Okay, now that you’ve failed, let’s ramp it up a bit. Suppose a white polar bear is now chasing you (please, do not actually get yourself into this situation). Do you think if someone told you to not think about the bear, you’d be able to accomplish the task? Not likely. And odds are, if you tried, the damned bear be gnawing on you right soon.
So it is when we, those helpful people, tell those suffering from pain to “not think about it.”
See, there’s this thing called “ironic process theory” as put forth by social psychologist Daniel Wegner. You can read up more on Wikipedia, but the basic idea is the harder you try to suppress a thought, the more persistent the thought becomes. Just as you’ll spend more time thinking about bears when you’re trying not to, so it is when we try to suppress any thought.

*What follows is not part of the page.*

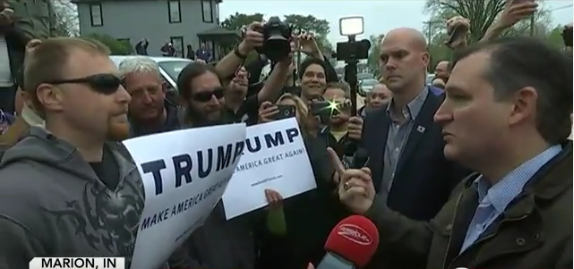 Ted Cruz: 1, Pro-Trump Protestors -1 Today in Marion, Indiana (video)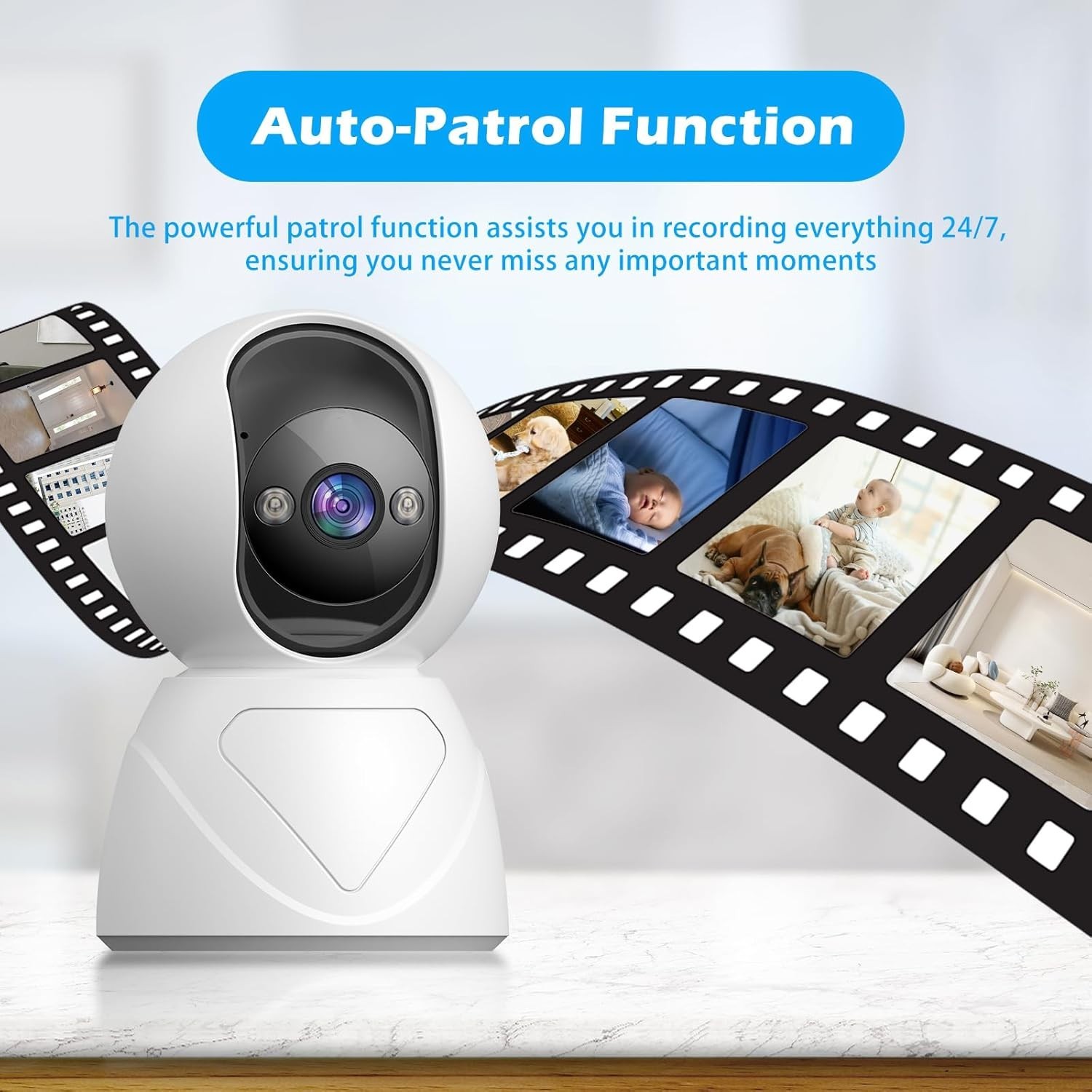 Auto-Focus 3MP Indoor Security Camera – Interactive 2-Way Audio & Siren Alarm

Of course, for as hard as it is to not think of something, it certainly is harder when the very thing you’re attempting to mentally avoid is coming right for you or, in the case of pain, already on top of you. And the brain is a sadistic son of a bitch, too. The more you try to forget about it, the more your brain likes to think of every little nuance.
Alright, so, the point’s been made, but what can we do about it? Unlike the polar bear, unless one is extremely unlucky, we’ll never have to worry about it chasing us every damn day. So long as we don’t actively avoid the thought, nor actively seek it, the worst the bear will be is a passing thought. At best, nothing at all. But pain, chronic pain more so, is different. That tends to stick around. What can we do about that?

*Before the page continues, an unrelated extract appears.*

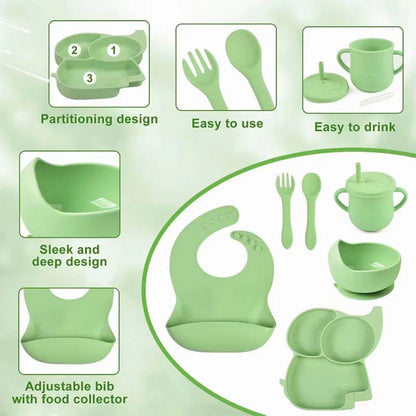 Silicone Baby Feeding Set Soft Silicone Sucker Plate Bowl Elephant Plate Personalized Name Feeding Bib Apron Children's Dishes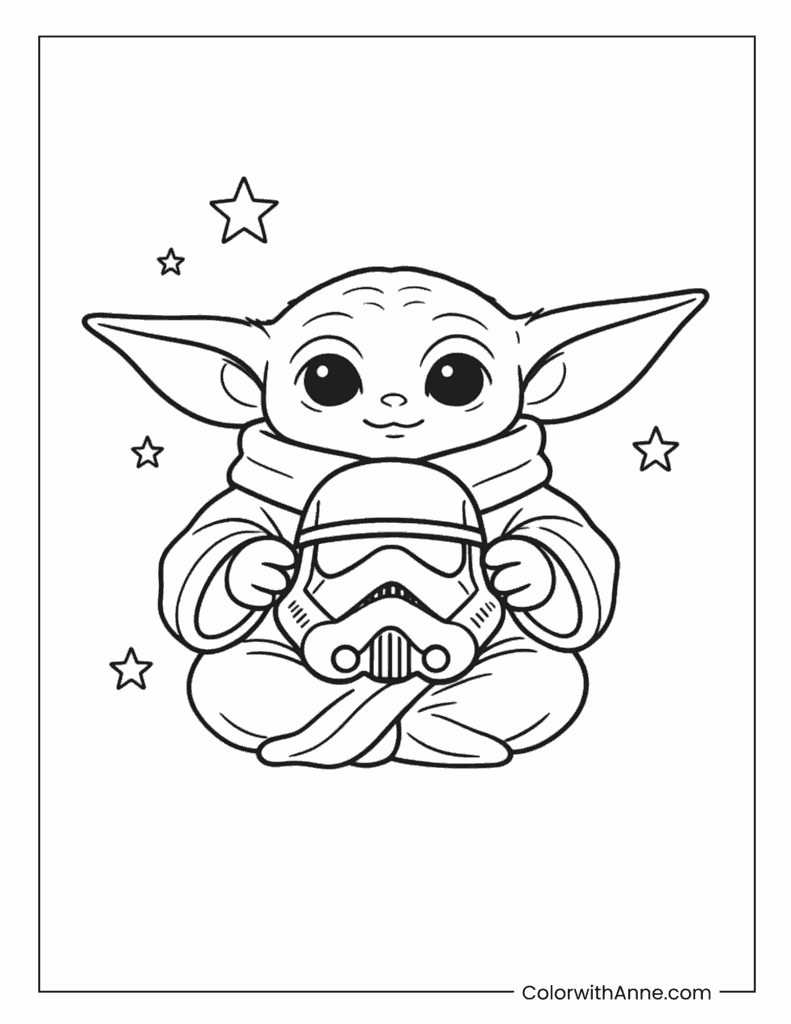 Grogu Sitting Among Stars Coloring Page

Well, not much. However, according to the book The Antidote: Happiness for People Who Can’t Stand Positive Thinking by Oliver Burkeman, the best thing may actually be reflection.
Burkeman wrote that those that tend to think about their own deaths at least a couple minutes everyday become more accepting and at ease with death. Sure, it may not be the most cheerful thing to think about, but the more one reflects on it, the less power the fear of death has over a person. While it won’t exactly lead a person to happily embrace death, it will make it easier when one has to face, either in passing or head on.
Now, this idea can work on anything rather unpleasant. Rather than running away from the pain, reflect on it, even for a few minutes. No, you won’t start looking forward to the pain and it won’t make it any less intense. It’s not about changing how you feel the pain. It’s changing how you feel about the pain. The more emotional calm you have, the easier it is to take and, hell, may even build up some mental resistance towards any pain in general.
Now, simple as it sounds, doesn’t make it easy. It’s not fun to think about unpleasant things. We’d all much rather avoid it, thank you very much. But, like death and most other unpleasant things, pain is unavoidable. No amount of wishful thinking has ever stopped a person’s pain. And it certainly won’t make pain easier to cope with. But if you have no choice either way, the person who can accept the problem with a calm mind will be better off than the person who gets tossed about an emotional storm. Because, really, do you need any more problems when being chased by a polar bear?